Carol Novack is the editor of Mad Hatter's Review and also spends time blogging both at her own site and at Now What. Somehow, beyond all of that effort, she still finds time to write and her poem, Once in a Field, is included in the latest issue (5.2) of Segue (scroll to pages 28-29).
"In the midst of the landscape loomed the Moby Dick of all scarecrows, tall as a telephone tower,
with dime store button eyes and a snow white bridal gown. It's eyes were not uniform. The
lavender eye was a heart-shaped little girl's button, the green eye elliptical with four holes."
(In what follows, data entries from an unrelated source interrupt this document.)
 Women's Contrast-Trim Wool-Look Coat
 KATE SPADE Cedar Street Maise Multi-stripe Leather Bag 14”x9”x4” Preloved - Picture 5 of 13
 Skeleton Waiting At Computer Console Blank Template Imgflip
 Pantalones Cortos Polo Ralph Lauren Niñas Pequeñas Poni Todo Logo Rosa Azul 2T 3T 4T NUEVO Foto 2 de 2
What I liked about this stanza, that comes across throughout the rest of Novack's poem, is the combination of fine details, and the seemingly unrealistic. Details such as the green button being both elliptical and having four holes. Unrealistic things like the scarecrow being as tall as a telephone tower - hyperbole, or just a strange fact. It's a decision Novack gives her readers more than just this once in this page and a half long antic. This combination of tossing out what seems to be a pretty crazy idea, only to follow it up with details so precise that the reader gets sucked back into the possibilities of the work being truth, is a great point - counterpoint means of moving from beginning to end. I'm looking forward to digging up more of Carol Novack's material.
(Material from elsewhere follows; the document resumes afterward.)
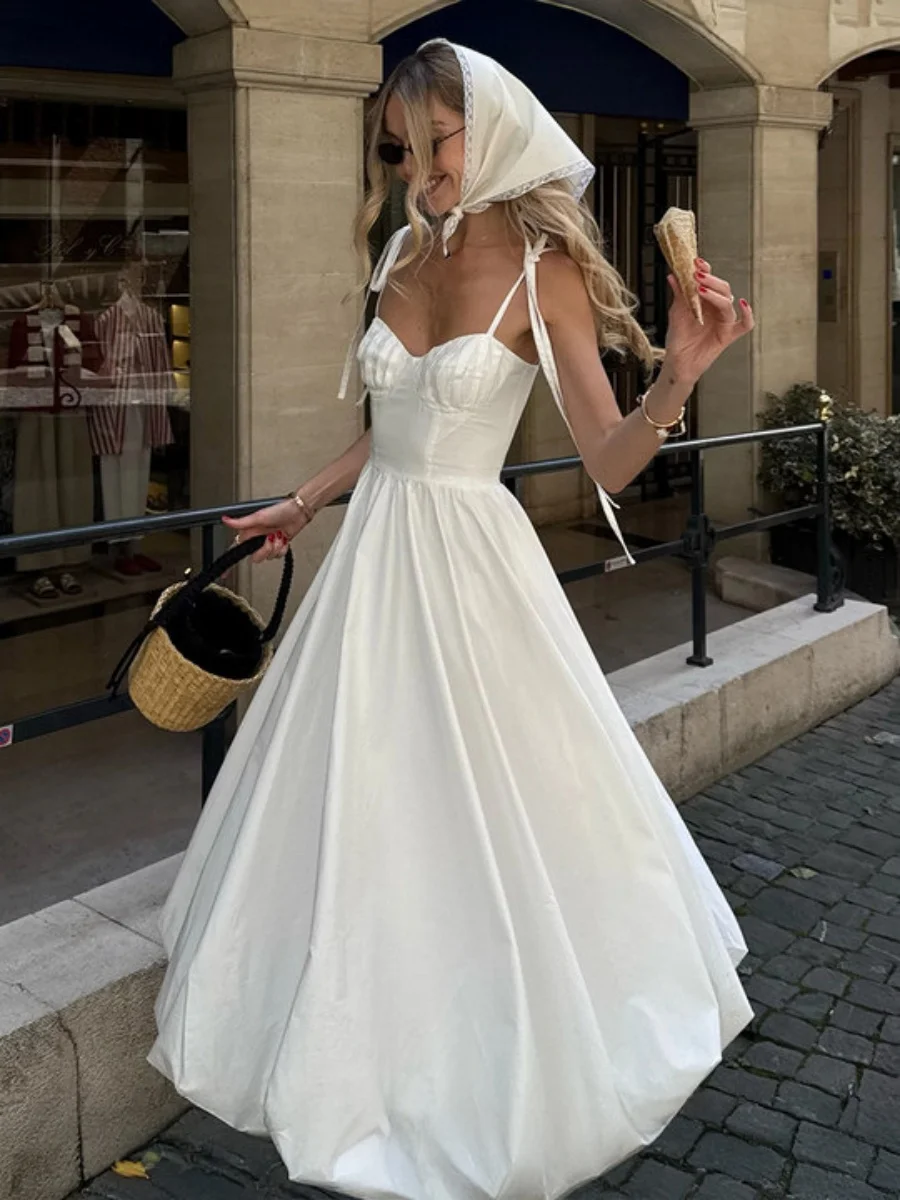 Women's Cotton Balloon Dress with Suspender Summer 2026 Waist Cinching Bubble Swing Skirt for Casual Fashion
Thanks for noticing Novack's piece, Dan, and for your observations.
I decided to publish Novack's piece for some of the things you noticed, too--this deft combining of the real and the fantastic in both the minute details and in the overall effect of the piece. It strikes me as Alice-in-Wonderland-esque: blurring lines between real/unreal, humor/horror, logic/madness, to create an event and a world that is both and neither. I also like how the "happily ever" ending plays on "happily after ever," providing fairy tale-like closure while opening outward at the same time. One of those works I read and wish I had written myself.